Work required:
When you reach the line containing "Margaret Kean Photo" in the data below, begin returning lines exactly as written, and stop once the line containing "1pcs Capa Para Galaxy A8 2018" has been returned.

Exercise inputs:
= Beginning of Section =

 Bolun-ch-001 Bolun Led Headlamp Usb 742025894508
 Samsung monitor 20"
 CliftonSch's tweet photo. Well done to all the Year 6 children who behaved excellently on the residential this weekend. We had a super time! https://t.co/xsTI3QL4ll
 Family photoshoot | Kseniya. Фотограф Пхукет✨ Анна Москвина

= End of Section =
= Beginning of Section =

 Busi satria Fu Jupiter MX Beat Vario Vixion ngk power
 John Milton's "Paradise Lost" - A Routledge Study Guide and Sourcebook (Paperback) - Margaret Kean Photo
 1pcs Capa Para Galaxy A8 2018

= End of Section =

Reply:
 John Milton's "Paradise Lost" - A Routledge Study Guide and Sourcebook (Paperback) - Margaret Kean Photo
 1pcs Capa Para Galaxy A8 2018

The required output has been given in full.